#### Task directions:
Every record below is to be retyped exactly.

#### Supplied data:
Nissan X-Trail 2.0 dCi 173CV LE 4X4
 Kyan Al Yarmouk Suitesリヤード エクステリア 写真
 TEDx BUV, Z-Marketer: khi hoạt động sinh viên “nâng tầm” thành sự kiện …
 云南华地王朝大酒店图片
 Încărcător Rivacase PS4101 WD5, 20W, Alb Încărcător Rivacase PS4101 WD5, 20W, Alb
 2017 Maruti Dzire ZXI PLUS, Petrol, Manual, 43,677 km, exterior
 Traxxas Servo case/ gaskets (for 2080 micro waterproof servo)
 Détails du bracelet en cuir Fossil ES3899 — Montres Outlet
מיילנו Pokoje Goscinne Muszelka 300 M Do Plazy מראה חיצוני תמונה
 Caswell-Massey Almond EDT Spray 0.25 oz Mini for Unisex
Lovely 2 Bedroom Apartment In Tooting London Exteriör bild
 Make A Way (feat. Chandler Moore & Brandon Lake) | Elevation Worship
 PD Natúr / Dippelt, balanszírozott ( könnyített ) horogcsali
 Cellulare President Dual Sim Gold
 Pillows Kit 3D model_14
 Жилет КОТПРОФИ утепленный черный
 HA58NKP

#### Exercise solution:
Nissan X-Trail 2.0 dCi 173CV LE 4X4
 Kyan Al Yarmouk Suitesリヤード エクステリア 写真
 TEDx BUV, Z-Marketer: khi hoạt động sinh viên “nâng tầm” thành sự kiện …
 云南华地王朝大酒店图片
 Încărcător Rivacase PS4101 WD5, 20W, Alb Încărcător Rivacase PS4101 WD5, 20W, Alb
 2017 Maruti Dzire ZXI PLUS, Petrol, Manual, 43,677 km, exterior
 Traxxas Servo case/ gaskets (for 2080 micro waterproof servo)
 Détails du bracelet en cuir Fossil ES3899 — Montres Outlet
מיילנו Pokoje Goscinne Muszelka 300 M Do Plazy מראה חיצוני תמונה
 Caswell-Massey Almond EDT Spray 0.25 oz Mini for Unisex
Lovely 2 Bedroom Apartment In Tooting London Exteriör bild
 Make A Way (feat. Chandler Moore & Brandon Lake) | Elevation Worship
 PD Natúr / Dippelt, balanszírozott ( könnyített ) horogcsali
 Cellulare President Dual Sim Gold
 Pillows Kit 3D model_14
 Жилет КОТПРОФИ утепленный черный
 HA58NKP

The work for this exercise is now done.